[Saved entries]
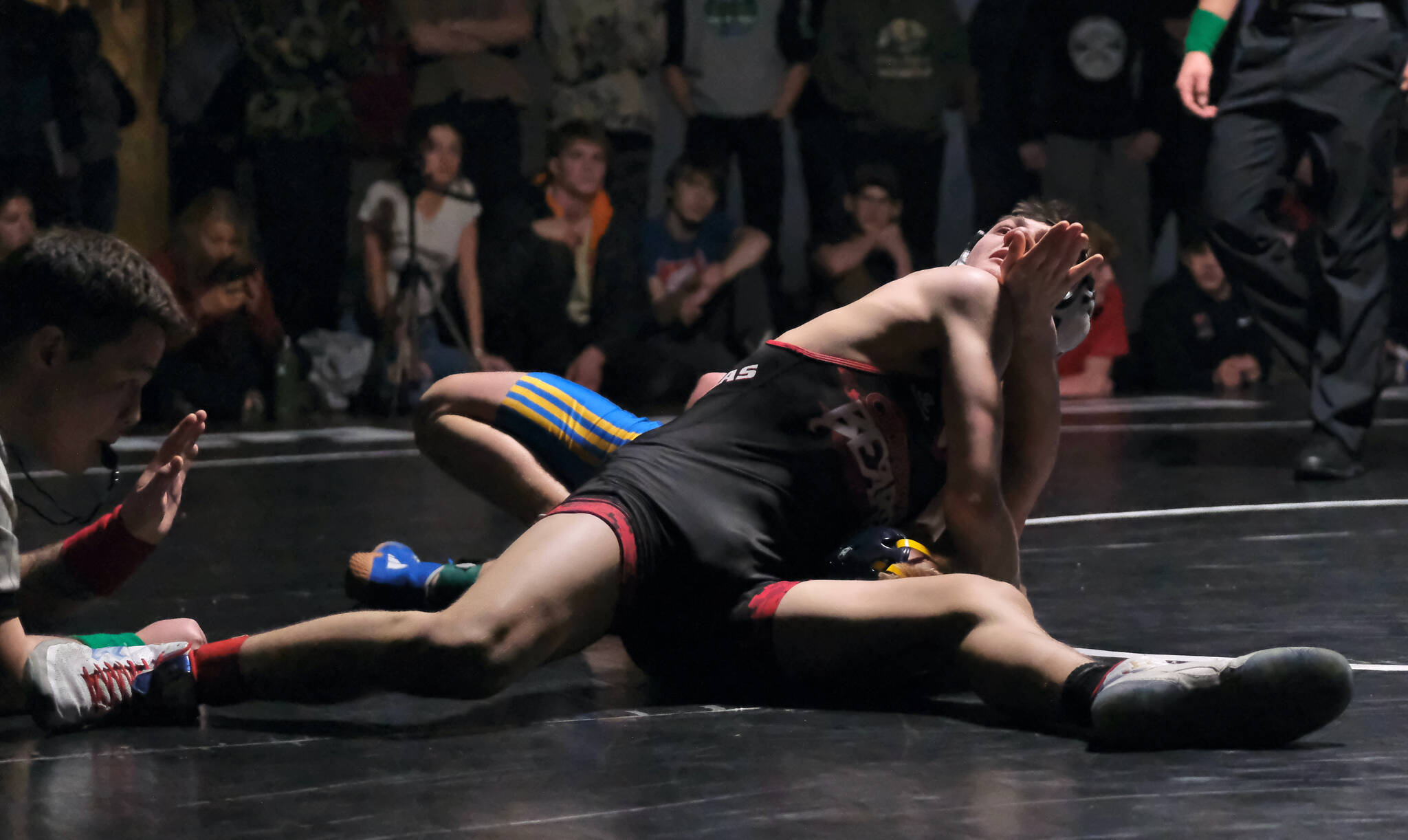 Juneau-Douglas High School: Yadaa.at Kalé sophomore Camden Messmer pins Skagway junior Brenden Moncibaiz in their 119-pound title match on Saturday at the Southeast Showdown Wrestling Tournament in Juneau’s George Houston Gymnasium. (Klas Stolpe / Juneau Empire)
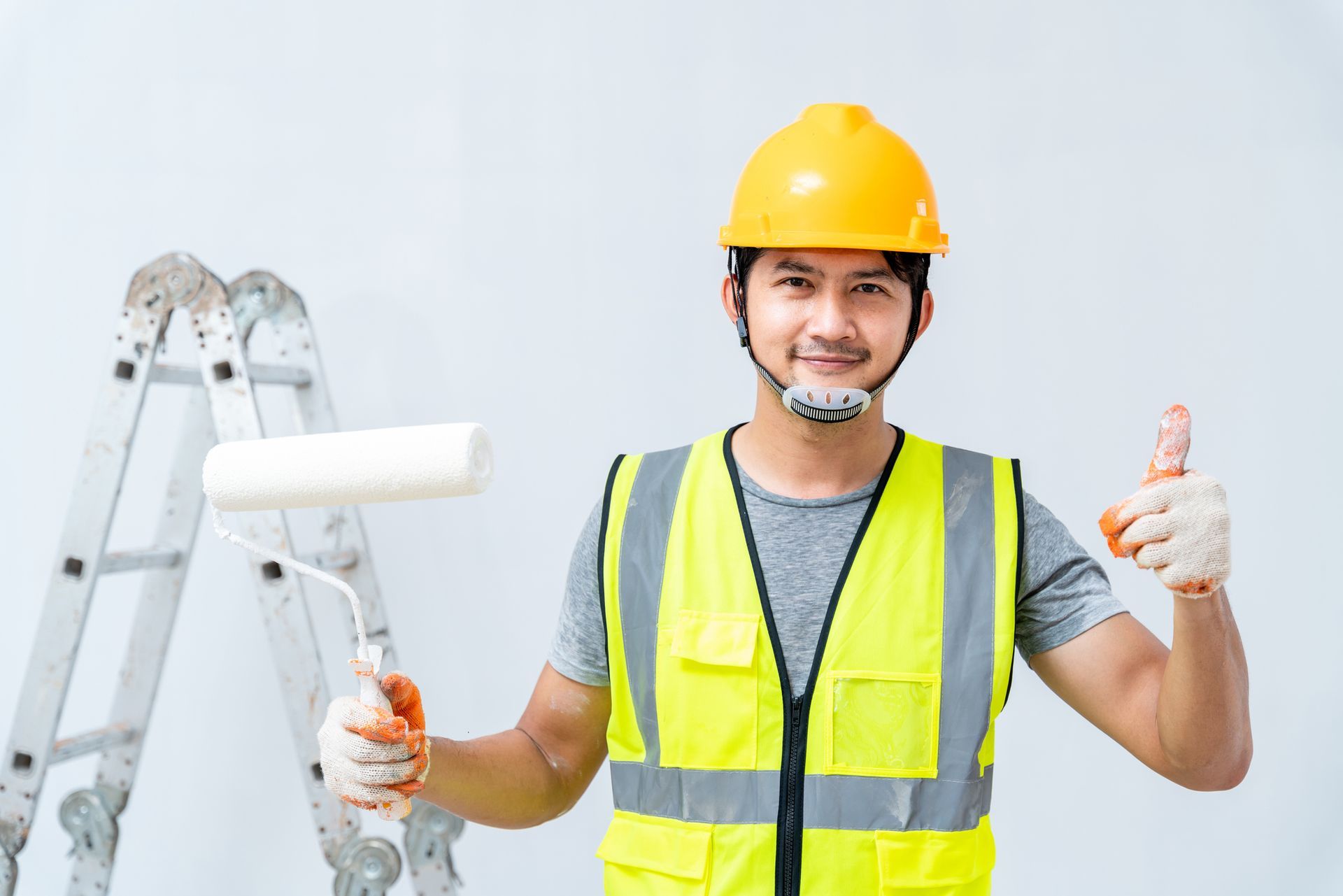 Interior painter with a roller brush working on home renovation and wall updates.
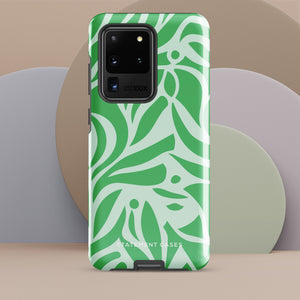 The Selva Verde for Samsung, a product by Statement Cases, is a durable, dual-layer phone case adorned with a green and white leafy design. The back of the case includes a camera cutout, and the bottom is printed with "Statement Cases.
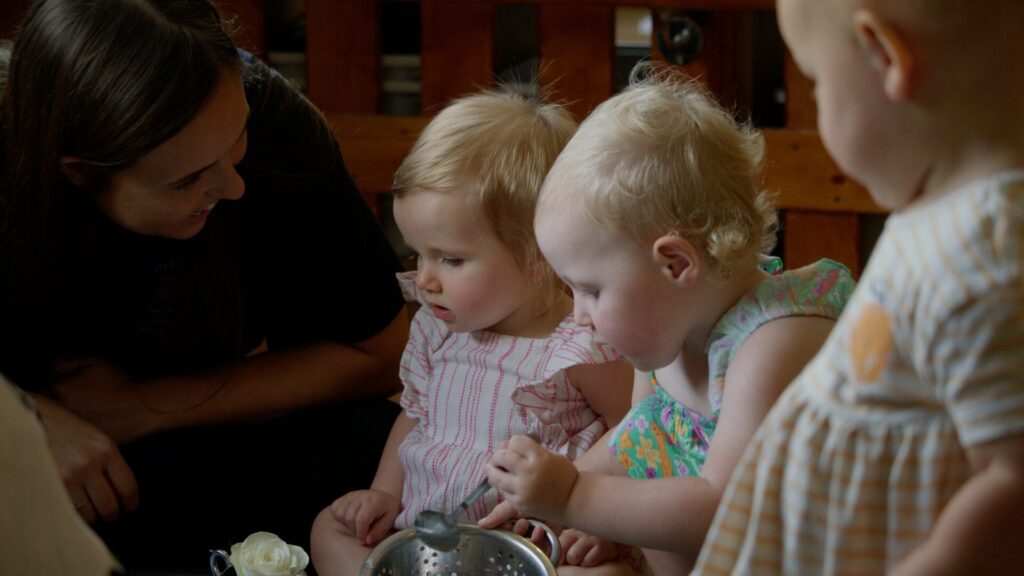 A woman smiles at three toddlers focused on a toy, creating a warm, nurturing scene. The children wear colorful outfits, suggesting a playful atmosphere.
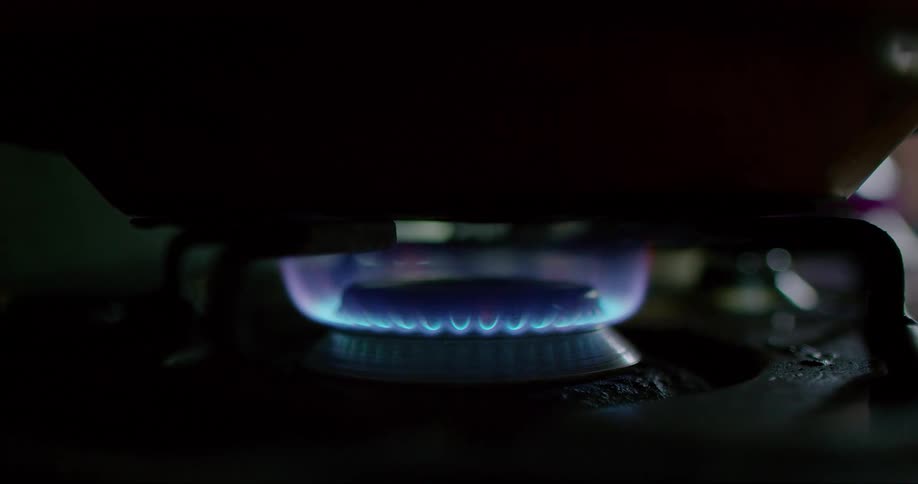 Closeup of a lit stove with a pan on top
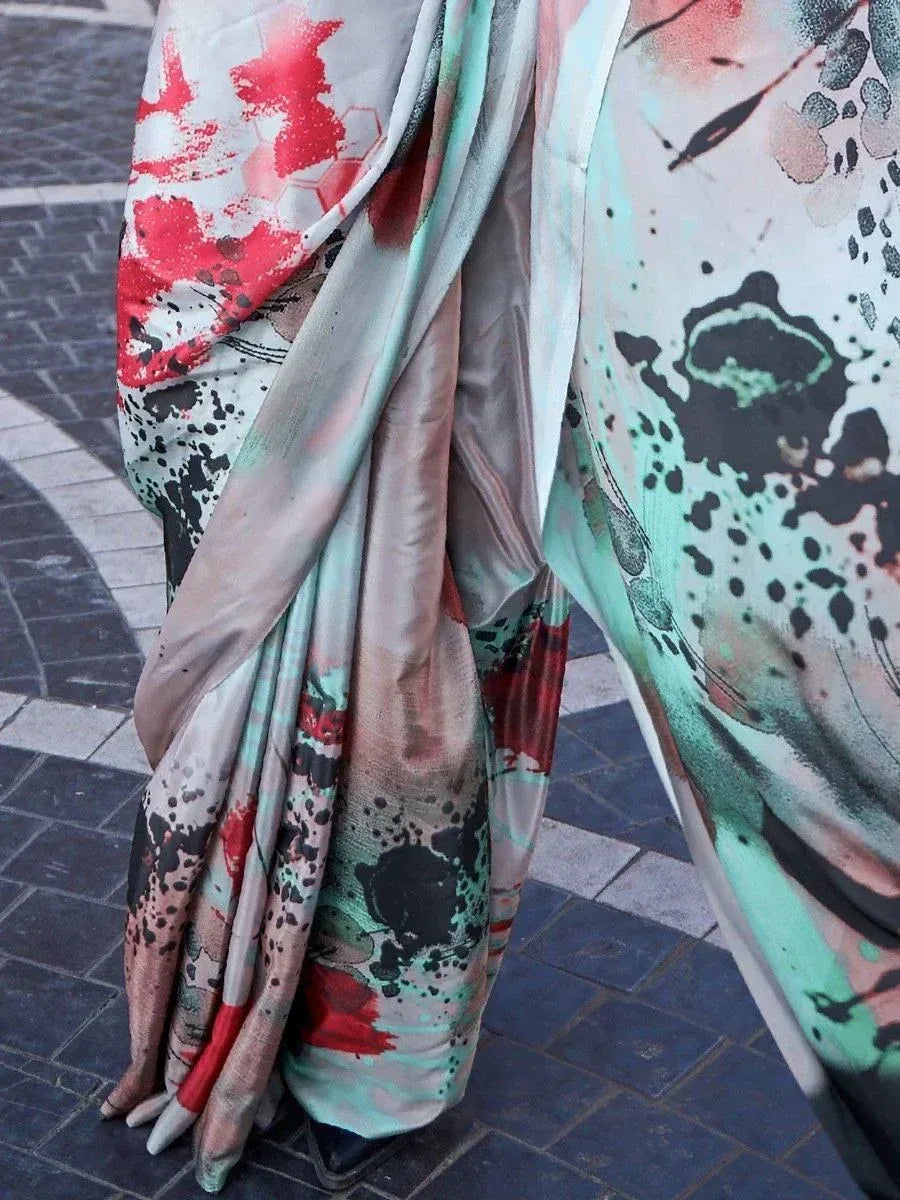 Abstract print saree with red, mint, and black splatter design, draped elegantly on pavement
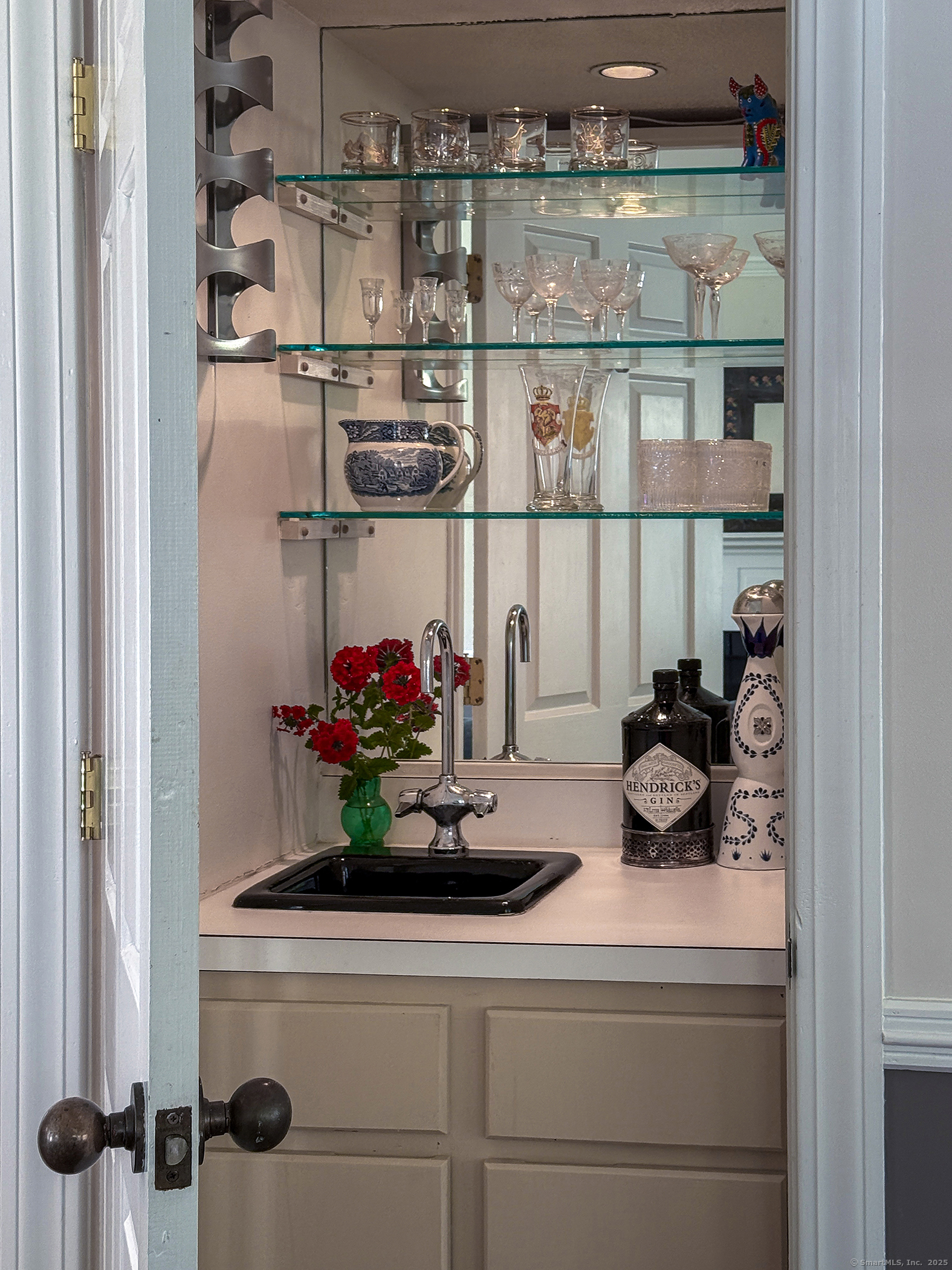 87 Canaan Road, Unit 2G Salisbury, CT 06068 - Photo 13 of 30 a kitchen with a refrigerator and cabinets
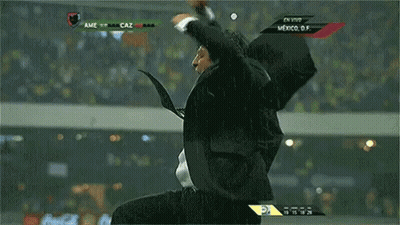 A Man In A Suit And Tie Is Screaming In Front Of A Screen That Says Mexico GIF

● Exercise requirements
Copy the lines above between the one holding "Closeup of a lit stove with a pan on top" and the one holding "87 Canaan Road, Unit", inclusive. Drop the pictures.

● Solution
 Closeup of a lit stove with a pan on top
 Abstract print saree with red, mint, and black splatter design, draped elegantly on pavement
 87 Canaan Road, Unit 2G Salisbury, CT 06068 - Photo 13 of 30 a kitchen with a refrigerator and cabinets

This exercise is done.